[Information]:
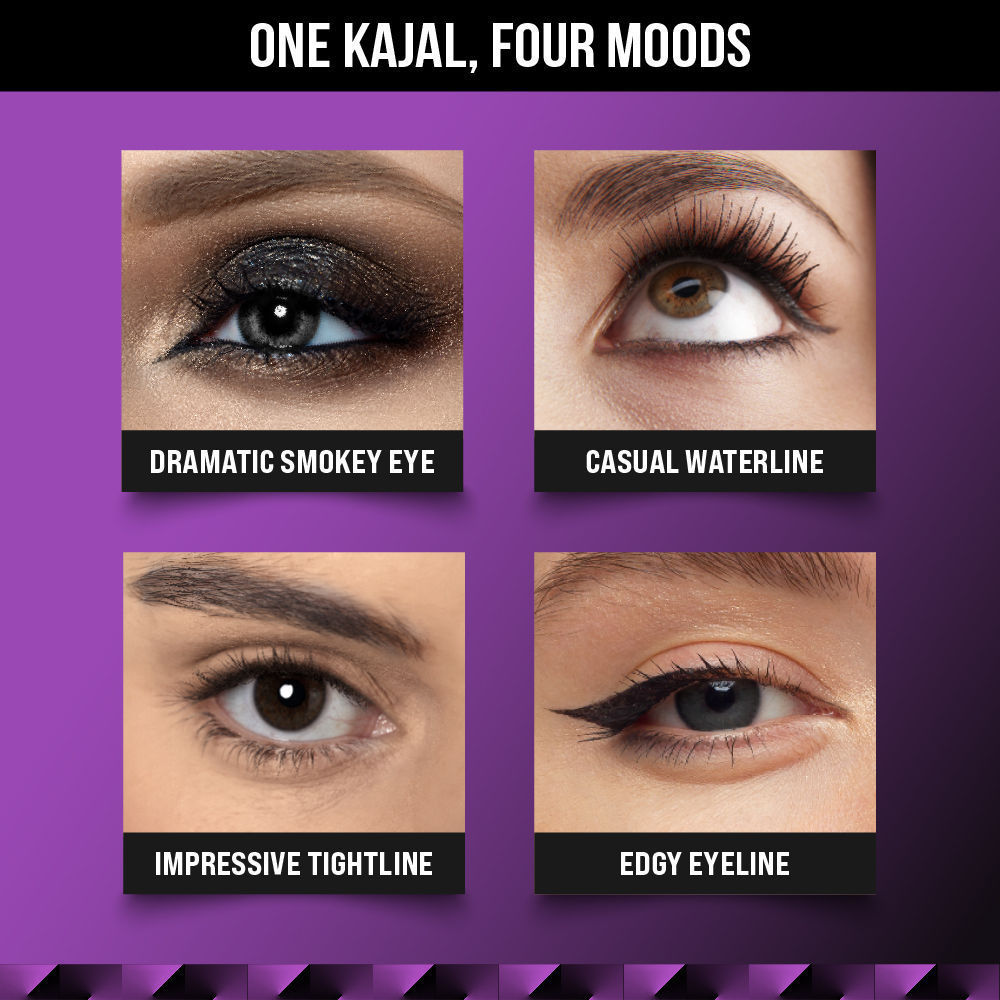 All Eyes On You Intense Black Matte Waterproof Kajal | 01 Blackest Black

* * *

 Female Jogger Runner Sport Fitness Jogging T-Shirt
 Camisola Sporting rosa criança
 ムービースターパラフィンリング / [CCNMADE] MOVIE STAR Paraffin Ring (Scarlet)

--

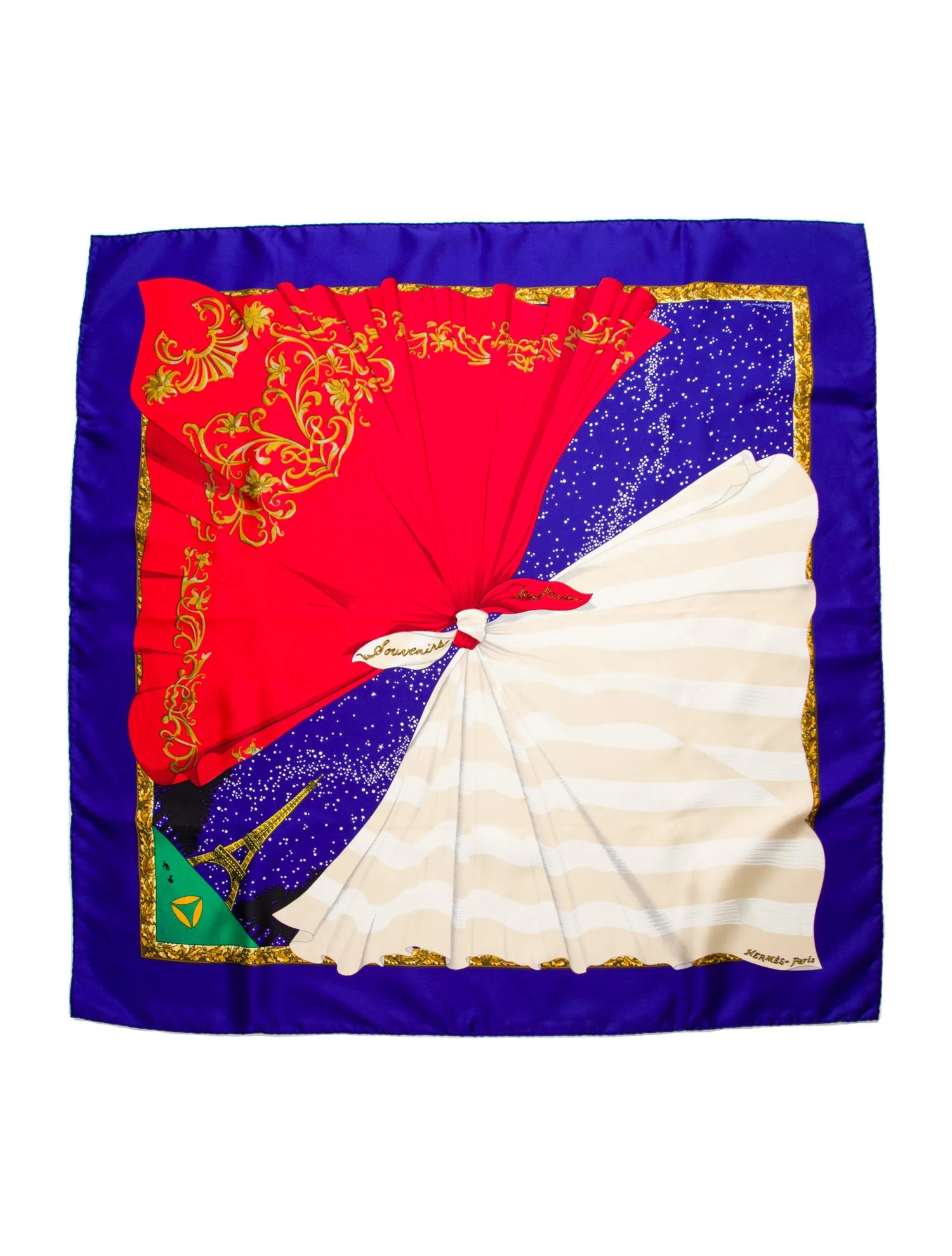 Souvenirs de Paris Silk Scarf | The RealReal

[Task brief]:
The expected output is exactly the lines of the listing above between the line holding "Female Jogger Runner" and the line holding "ムービースターパラフィンリング / [CCNMADE]", inclusive.

[Task response]:
 Female Jogger Runner Sport Fitness Jogging T-Shirt
 Camisola Sporting rosa criança
 ムービースターパラフィンリング / [CCNMADE] MOVIE STAR Paraffin Ring (Scarlet)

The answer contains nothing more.